Figure 7

Dynamin inhibitors from different manufacturers have similar effects on HIV-1 uptake and fusion with endosomes. HXB2 pseudoviruses were bound to TZM-bl or CEMss cells at 4°C (see Methods), and fusion was initiated by shifting to 37°C for 90 min (in DMEM) and measured by the BlaM assay. (A) Fusion with TZM-bl cells (black bars) in the presence or absence of 80 μM dynasore or dynole 34-2 in DMEM. Dynasore from Ascent was used at 100 μM. The effects of DMSO (0.1% v/v) and 80 μM dynasore (Santa Cruz) on fusion with CEMss cells are also shown (open bars). The extent of fusion in the presence of 1 μM C52L is shown for comparison. (B) Inhibition of HXB2 pseudovirus fusion with primary CD4⁺ T cells by 80 μM dynasore (Santa Cruz) and 1 μM C52L (filled bars).
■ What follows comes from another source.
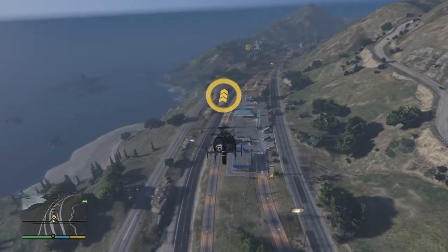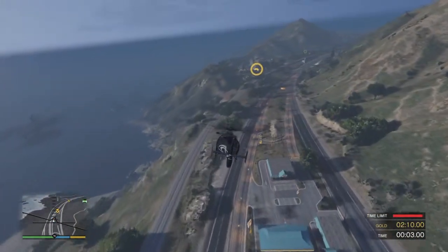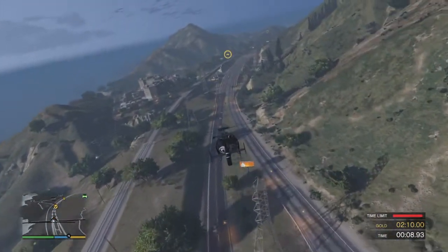Remember, this course is all about speed! To maximize acceleration, keep the nose of the helicopter tipped. Just bear in mind that you're also losing altitude when the nose is pointed down.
The effect of DMSO, dynasore and C52L on cell viability, as determined by the MTS assay, is shown by open bars. (C-E) The kinetics of HXB2 escape from C52L, dynasore and the temperature block (TB) applied at indicated times of incubation at 37°C. The background fusion (~15% of the maximal signal) in the presence of dynasore was subtracted from the dynasore kinetics data to ease the comparison with the C52L and TB kinetics. Data points are means and SEM of combined triplicate measurements from three independent experiments.